After alarm convergence is conducted, we may still find that manual processing is not timely enough. In this case, the automated processing capability is required. Automated processing actually relies on the transformation of manual processing experience into system capabilities. That is, we can train the system with the common troubleshooting methods, data, and means to routinize the troubleshooting procedure.
For example, live broadcast is very sensitive to stalling, and it also raises high requirements for the response time. We can formulate a procedure based on the troubleshooting means and processing of stalling problems. Once a problem is detected, an alarm is directly generated to inform the system of the occurrence, cause, and repair strategy of this problem.
In addition, we need to be aware of the following issues:
First, the traps of automated processing. We cannot be so naive to believe that everything can be automated, because simple automated processing often sets huge traps in the system. We can use the isolation of node faults as an example. If 1,000 out of 1,500 nodes are detected faulty, what should we do? Can we repair the faulty nodes offline in peace while just relying on automated processing? If we do so, the remaining 500 nodes will be overwhelmed by traffic. We must set a fuse to achieve controllable automated processing.
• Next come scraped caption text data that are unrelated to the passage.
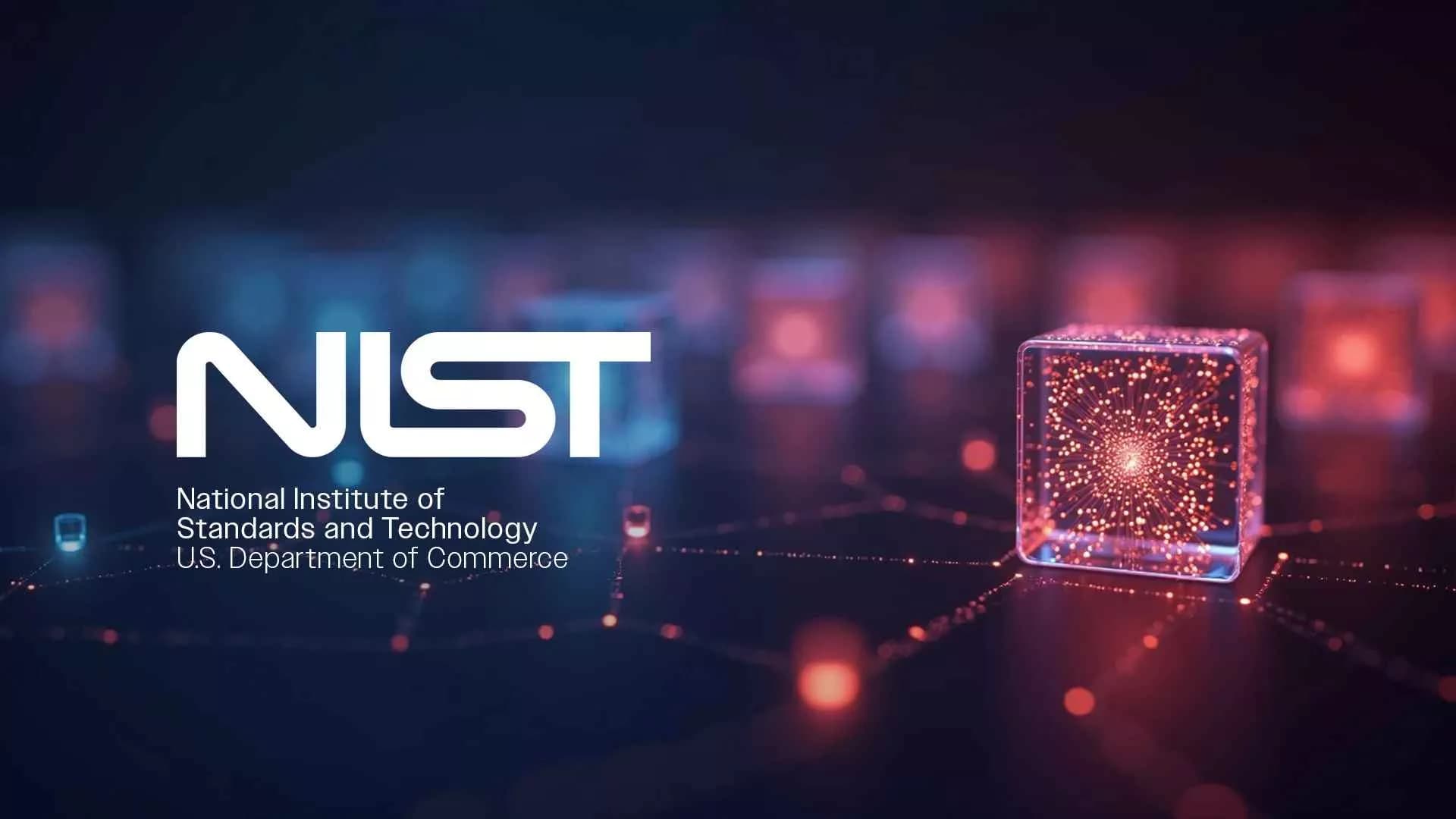 NIST's Bold Move: Two New AI Centers to Supercharge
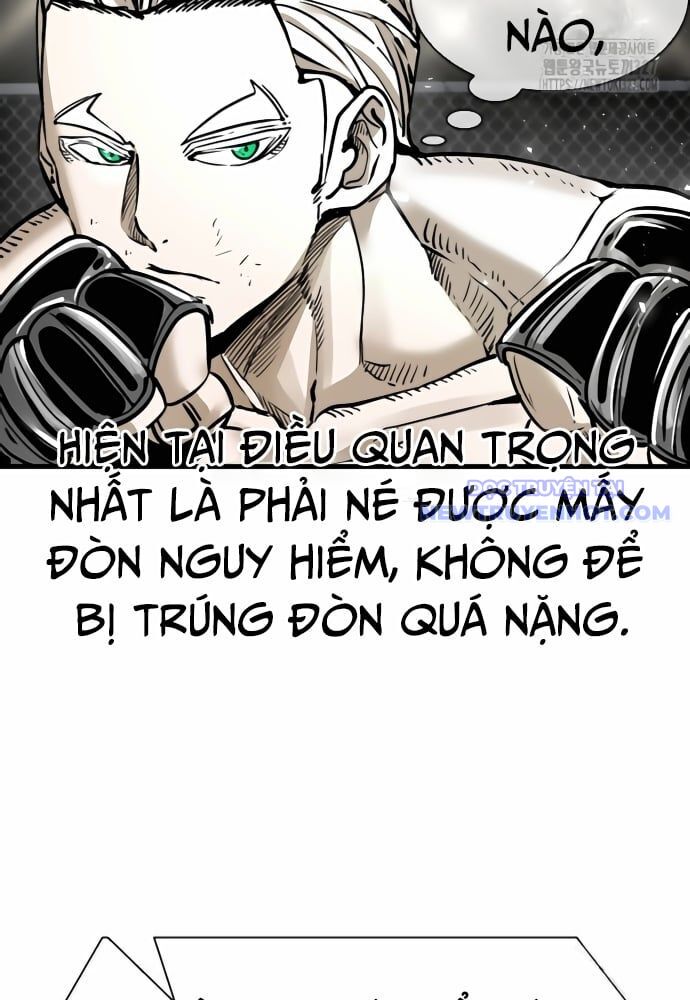 Chapter 311 - Trang 26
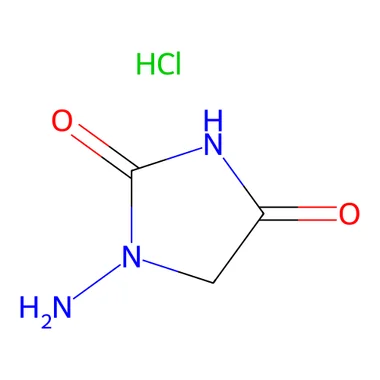 cplabsafety-3202607140732111187967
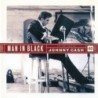 JOHNNY CASH - MAN IN BLACK VERY BEST OF - 2CD
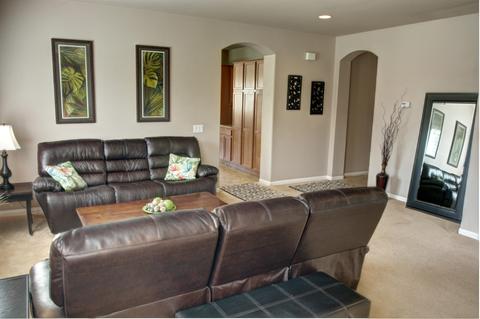 82042 Deniro Ct, Indio, CA 92201 photo 19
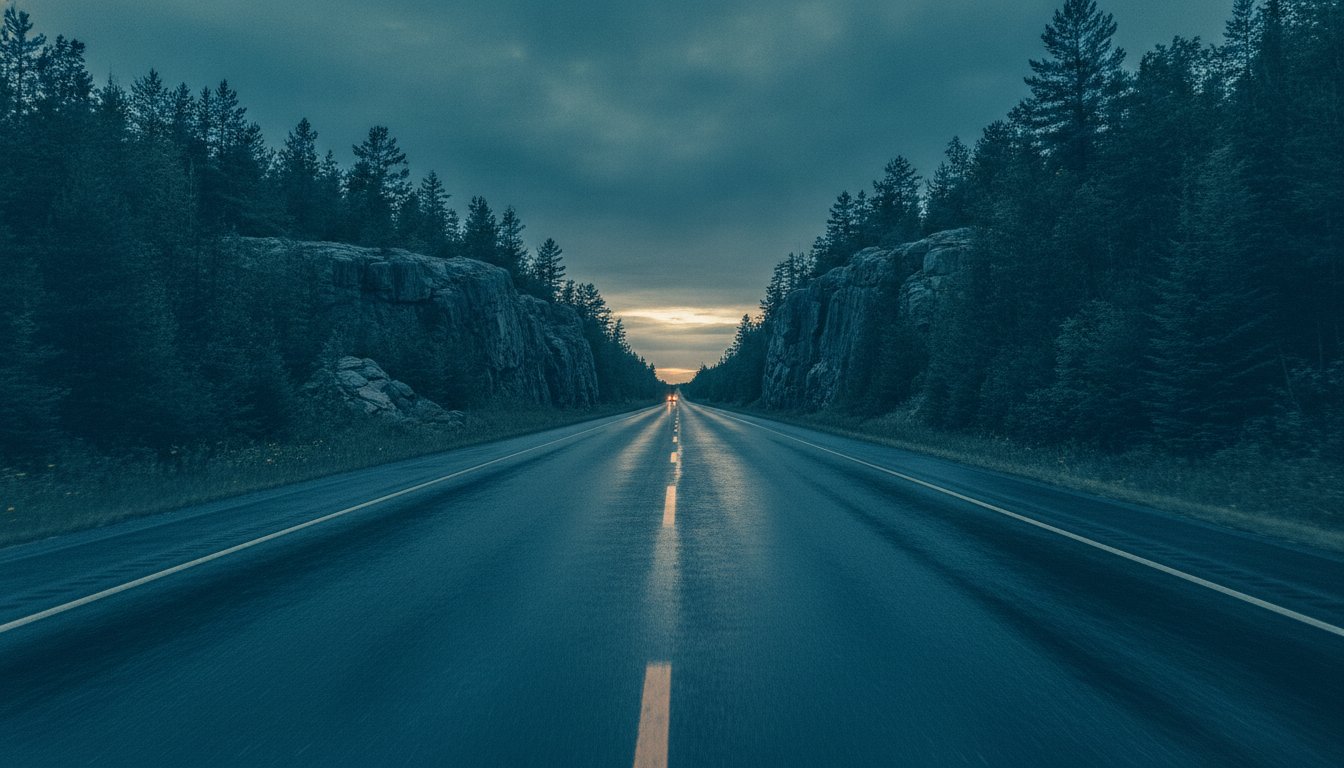 Road Test Booking Hacks Ontario: The Ultimate 2026 Checklist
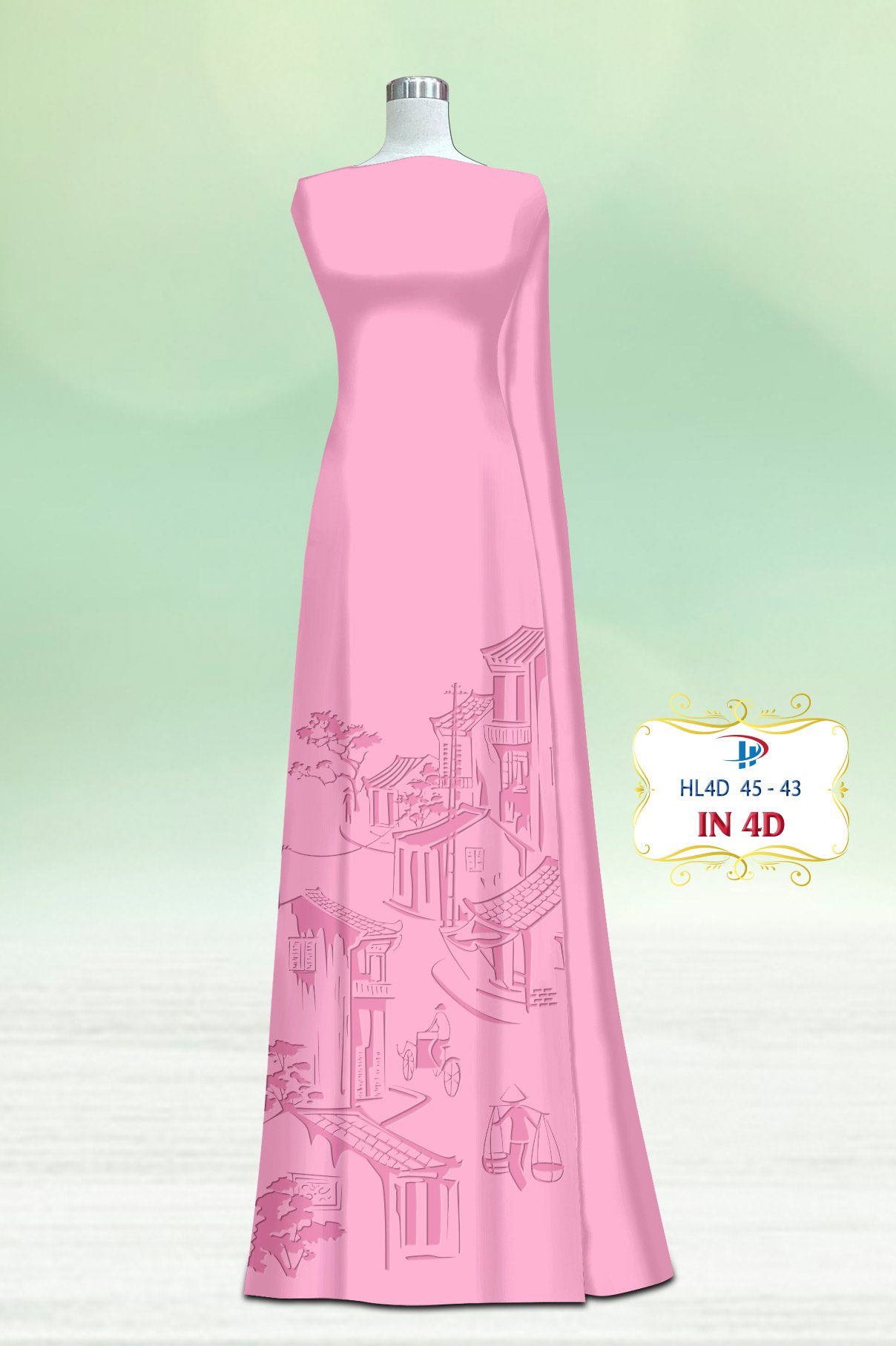Vải áo dài Lụa Mã Não In 4D HL4D 45 1 vai-ao-dai-lua-ma-nao-in-4d-hl4d-45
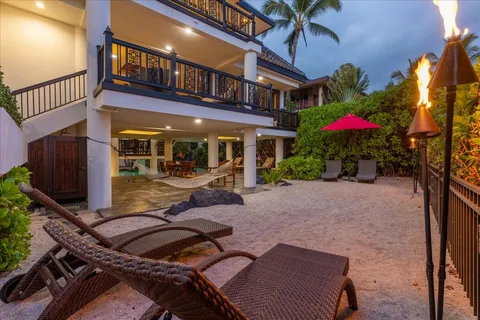 $5,350,000 | 75-5506 Kona Bay Drive, Kailua-Kona, HI 96740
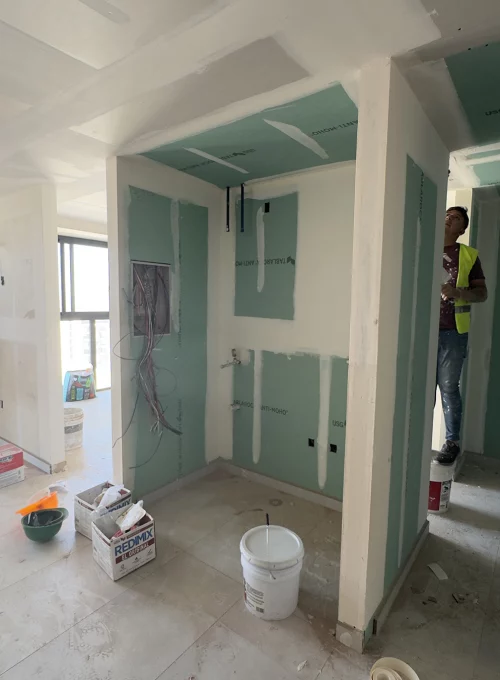 scala-towers-departamentos-en-preventa-en-la-colonia-americana-scala-towers-avance-feb-16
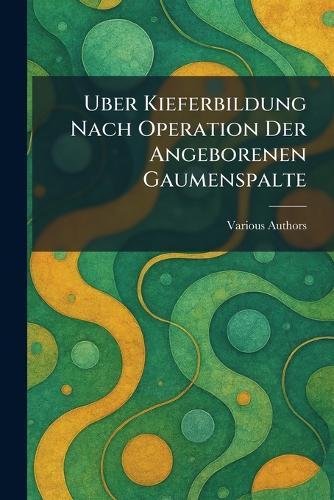 uber das eldentog: prebporzellan als fullungsmaterial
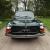 1971 VW FASTBACK 1600 AUTOMATIC, LOW MILEAGE CAL IMPORT SUPERB CONDITION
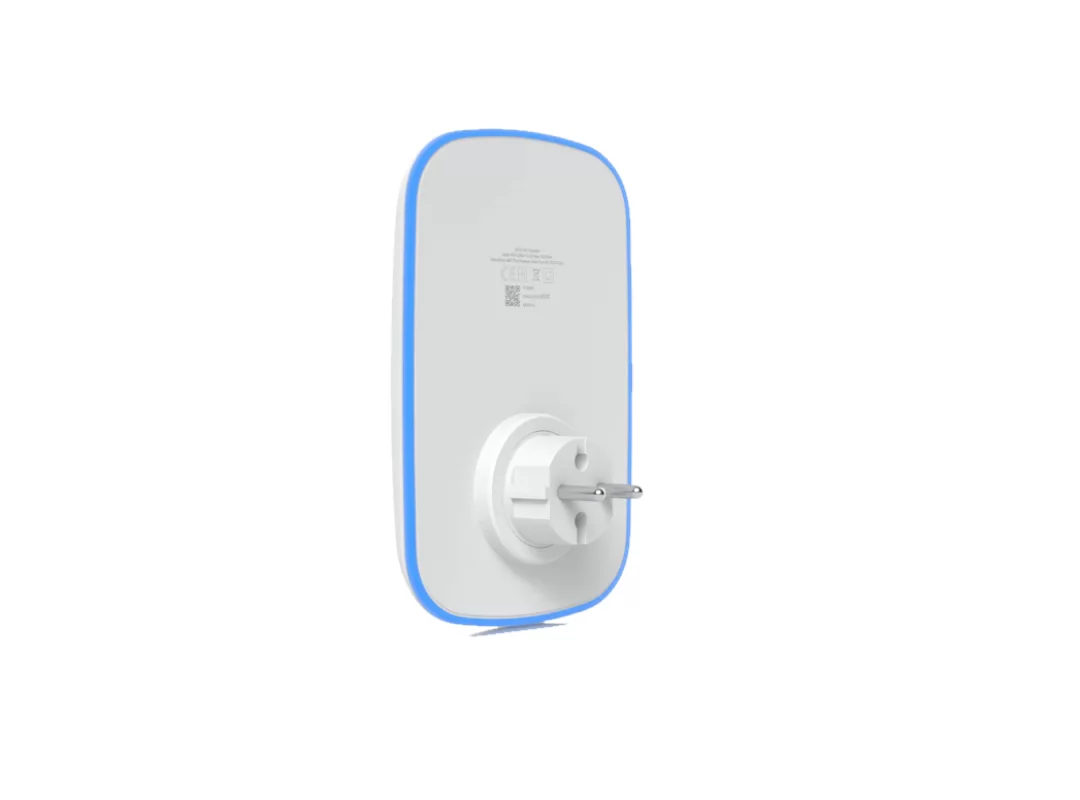 Точка доступа Ubiquiti Unifi U6 Extender — 3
Second, the exhaustivity of automated processing. Automated processing cannot be a simple repetition of manual experience. We require the system to possess the capability of auto-learning. With the machine learning capability, the system can use the abnormal data related to alarms to develop its own capability of processing unknown problems.
In addition to pragmatic technologies, Liu also shared some specific customer examples to deepen the audience’s understanding.
The first example is AirAsia. Alibaba Cloud provides AirAsia with a global DCDN solution, which provides route optimization and tunneling services for dynamic data. The solution has helped AirAsia increase the response speed by 150%.
The second example is Tokopedia, the biggest online sales platform for customer to customer (C2C) business in Indonesia. Alibaba Cloud provides Tokopedia with a full-link Hypertext Transfer Protocol Secure (HTTPS) SCDN solution, which guarantees secure payments and achieves acceleration by more than 100%. Taking advantage of the Auto Scaling feature of Alibaba Cloud CDN, this solution has helped Tokopedia easily deal with burst traffic, which is dozens of times more than usual, in multiple sales promotions.
The third example is Toutiao, the fastest growing mobile Internet product in China. Besides Toutiao, the customer also offers TikTok (known as Douyin in China), Vigo Video (known as Huoshan in China), and other popular products based on its leading technical capabilities in the country. Alibaba Cloud CDN works together with the Toutiao technical team to establish an end-to-end (E2E) short video quality monitoring system. After overall optimization, the sum of the video stalling rate, interruption rate, and failure rate has been lowered to less than 1%.
The last example is Huya, a leading interactive live broadcast platform in China. Alibaba Cloud CDN and Huya have jointly implemented E2E full-link monitoring for live broadcast. The solution can monitor and locate live broadcast problems and causes in real time, to ensure users’ smooth experience of live broadcast on Huya.
At the end of the speech, Liu said, “Although we have done a lot of work to optimize the QoS, there is still a long way to go. We welcome all experts to join us and work together to build the best CDN in the world!”